Rev. D. Antoni CAROL i Hostench
(Sant Cugat del Vallès, Barcelona, España)
Hoy, los "in-oportunos" saduceos son ocasión para que Jesús dedique unas bellísimas palabras a una cuestión vital: la eternidad. La escena y el tema conservan plena vigencia.
Se le acercaron «algunos de los saduceos» que, curiosamente, sostenían «que no hay resurrección» (Lc 20,27). En efecto, no deja de ser sorprendente que un grupo de gente religiosa —creyente en Dios— afirmara que no existe la eternidad (por lo menos, para nosotros).

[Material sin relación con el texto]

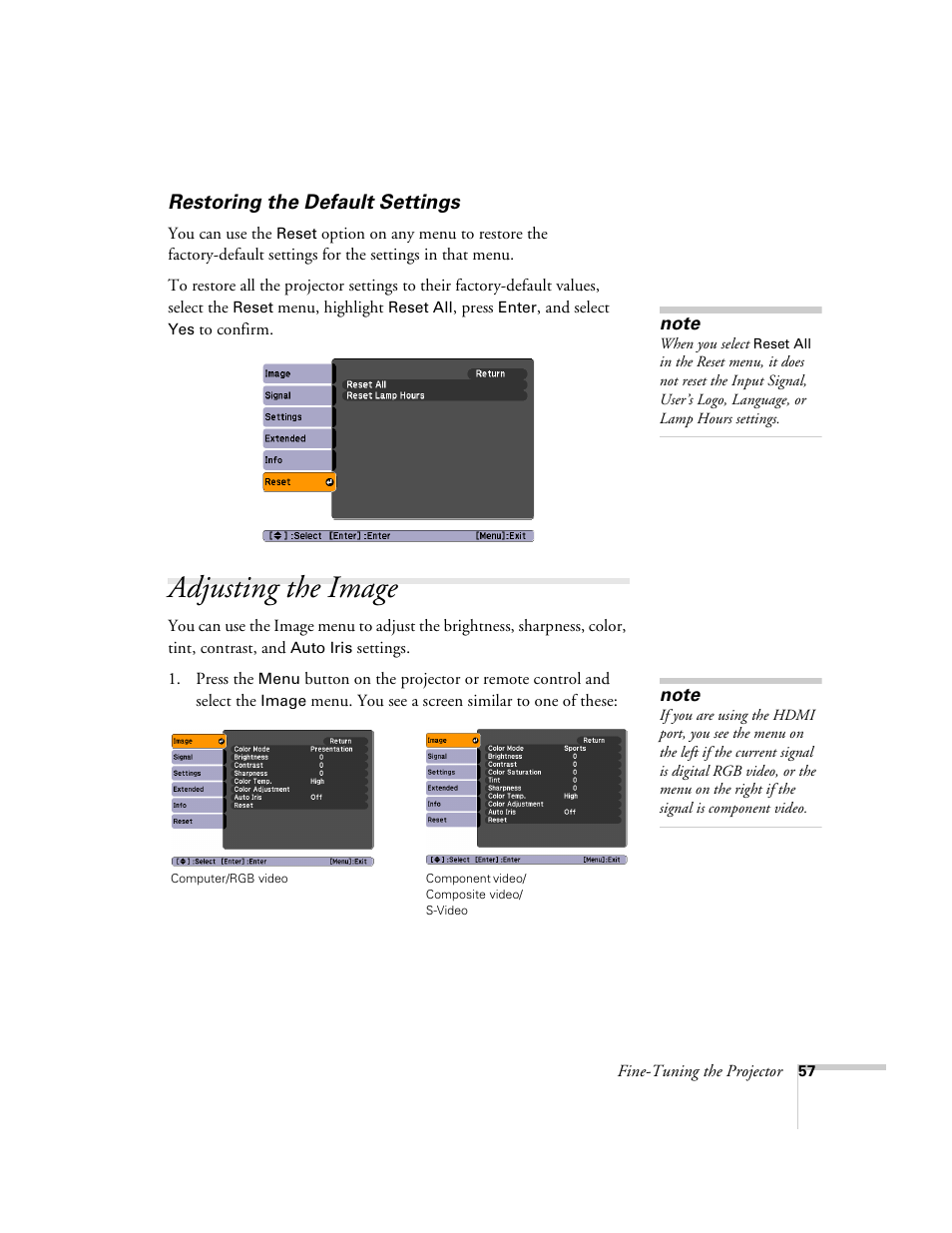 Restoring the default settings, Adjusting the image | Univex PowerLite 700 User Manual | Page 57 / 110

Entonces, nos preguntamos, ¿qué clase de Dios tenemos? Más aun, ¿qué será de nosotros?
Evidentemente, no hay respuesta para un interrogante tan estúpido como este. De hecho, Jesús les respondió muy tajantemente: «Estáis en un gran error» (Mc 12,27). Y les espetó, sin más, que Dios «no es Dios de muertos, sino de vivos» (Lc 20,38), como no podía ser de otro modo.
Por si no fuera poco equivocada la conclusión de los saduceos, la argumentación que proponen —la ficticia historieta de la mujer que sucesivamente tuvo por esposos a siete hermanos— sobrepasa la ridiculez. No debemos sorprendernos de que ahora resurjan los "modernos saduceos" que contradicen la voz del Vicario de Cristo esgrimiendo argumentos tan falsos como forzados (que si el costo de las visitas pastorales del Papa debiera destinarse a los pobres; que si el Papa es culpable de millones de muertes…). ¡Nada nuevo en la faz de la tierra! Sólo la ceguera del descreimiento es capaz de tramar semejantes naderías.
Los saduceos "jugaron" con la eternidad y el resultado es que no queda ni rastro de ellos. ¡Lógico!: sin esperanza no hay vida. Peor aun: sin un horizonte de eternidad no se puede amar. ¿Acaso se puede uno "en-amorar" por un tiempo? He aquí la respuesta de Benedicto XVI: «El amor humano es, en sí, una promesa incumplible. Desea eternidad y sólo puede ofrecer finitud. Mas, por otra parte, sabe que esa promesa no es insensata ni contradictoria, pues en última instancia la eternidad vive en ella. Sus auténticas dimensiones conllevan, en definitiva, la perspectiva futura de Dios, la espera de Dios».